- Aim of the exercise
With the pictures omitted, set down exactly the lines from the one that contains "秀人网 王馨瑶【叛逆女高中生勾引哥哥，做爱口交】新！【148M】" through the last line of the data.

- Information
__________
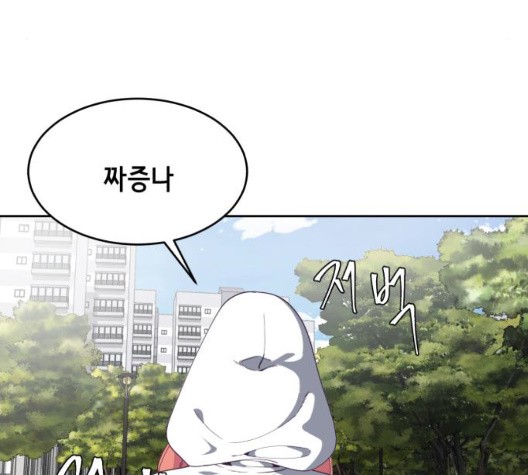 The Boy of Death Ch.72 p71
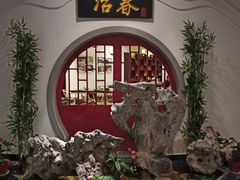 -冶春茶社(星汉大厦店)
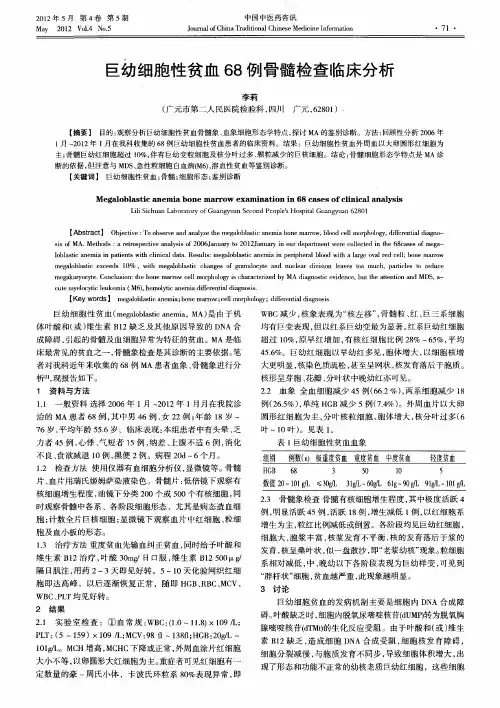 巨幼细胞性贫血68例骨髓检查临床分析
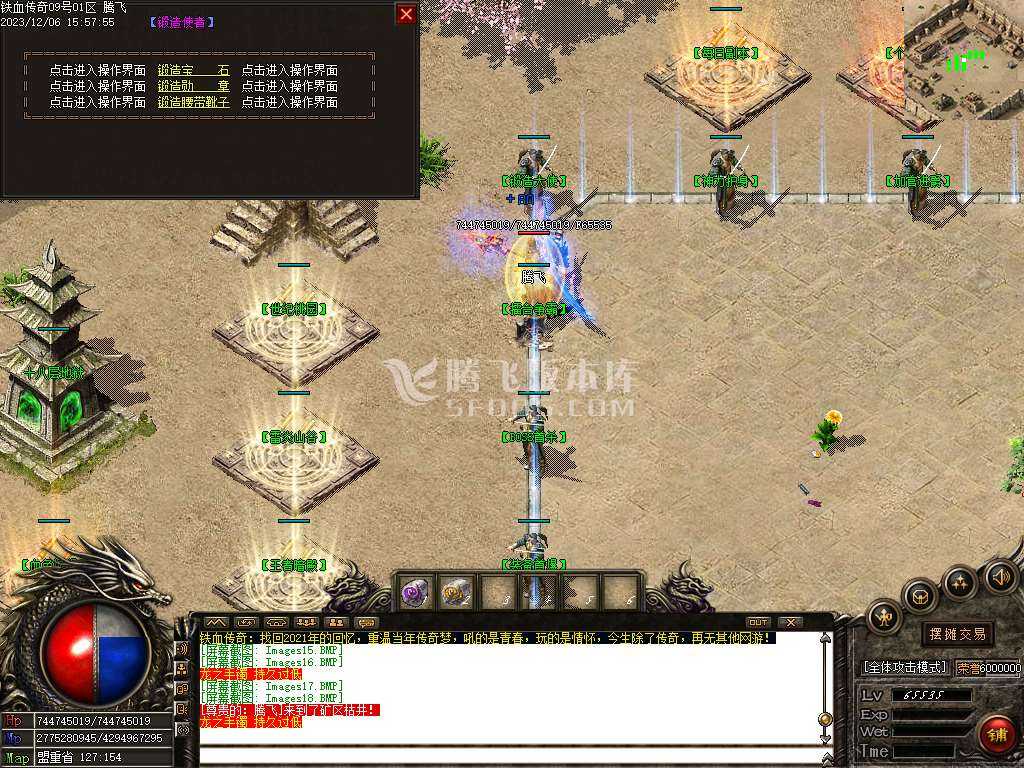 1.76铁血传奇特色复古三职业-ESP/PG插件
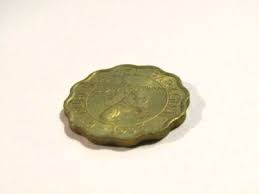 1953 Paraguay 10 Centimos Au Coin | eBay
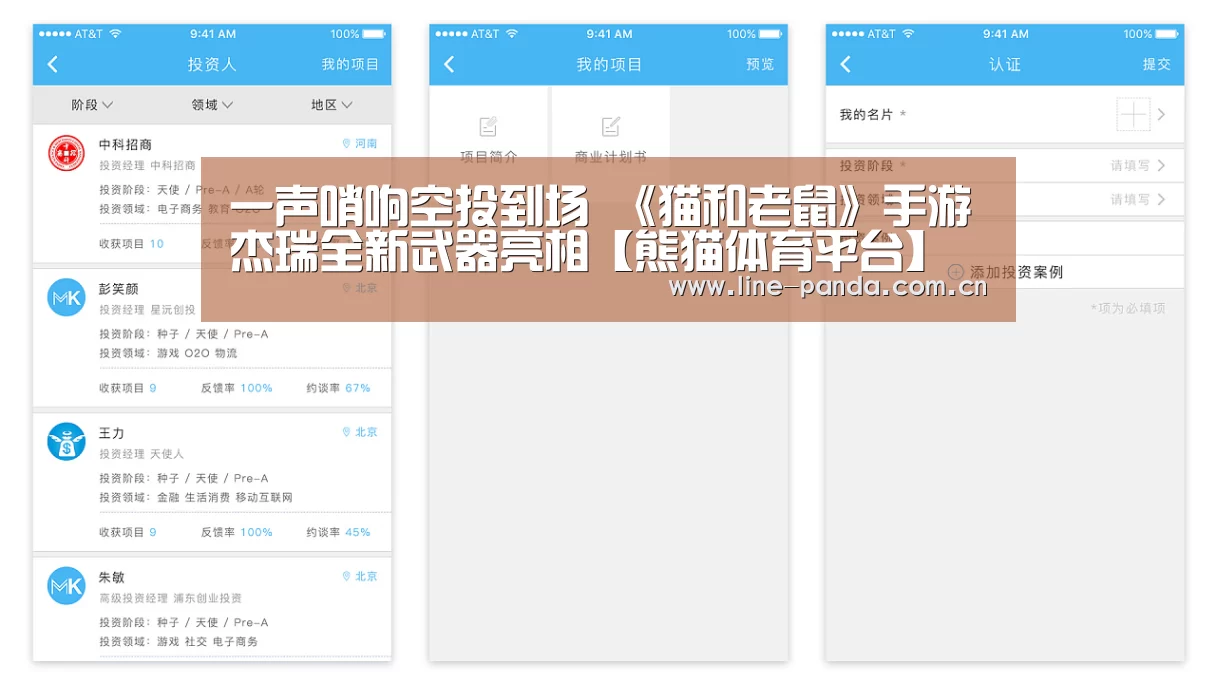 熊猫体育官网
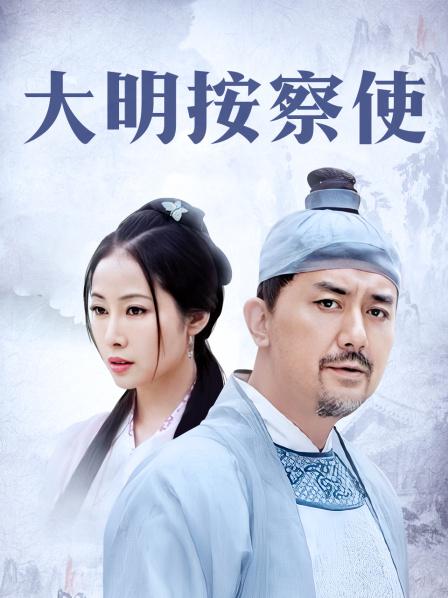 秀人网 王馨瑶【叛逆女高中生勾引哥哥，做爱口交】新！【148M】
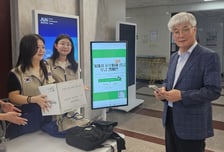 중원대 "수해 이웃 일상 회복에 힘 보탠다"…거제 복구 모금 활동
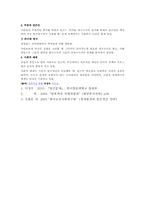 [사회복지]빈곤이란 무엇인가-3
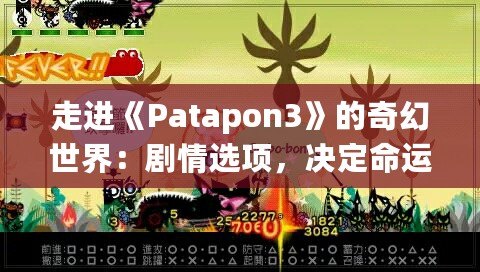 走進(jìn)《Patapon3》的奇幻世界：劇情選項(xiàng)，決定命運(yùn)的抉擇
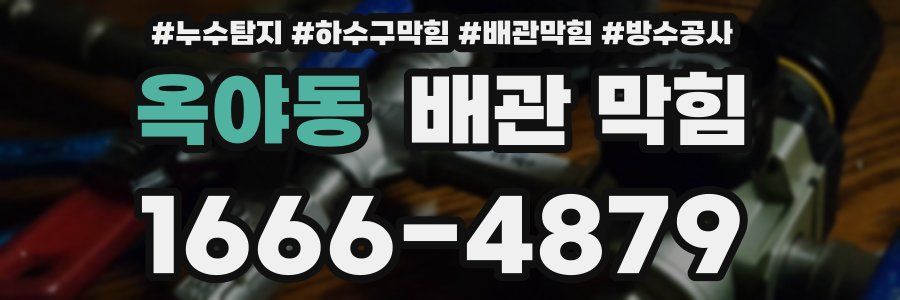 옥야동 배관 막힘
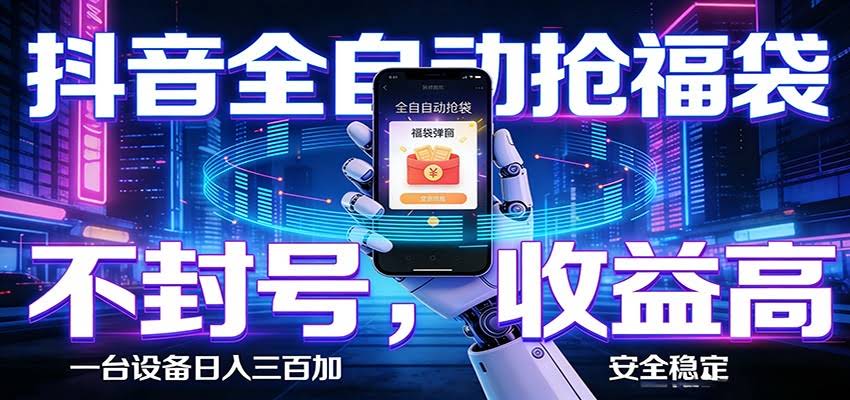 AI全自动·抖音福袋挂机，自动抢福袋领福利，解放双手，轻松躺赚-航海圈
__________
- Task solution
 秀人网 王馨瑶【叛逆女高中生勾引哥哥，做爱口交】新！【148M】
 중원대 "수해 이웃 일상 회복에 힘 보탠다"…거제 복구 모금 활동
 [사회복지]빈곤이란 무엇인가-3
 走進(jìn)《Patapon3》的奇幻世界：劇情選項(xiàng)，決定命運(yùn)的抉擇
 옥야동 배관 막힘
 AI全自动·抖音福袋挂机，自动抢福袋领福利，解放双手，轻松躺赚-航海圈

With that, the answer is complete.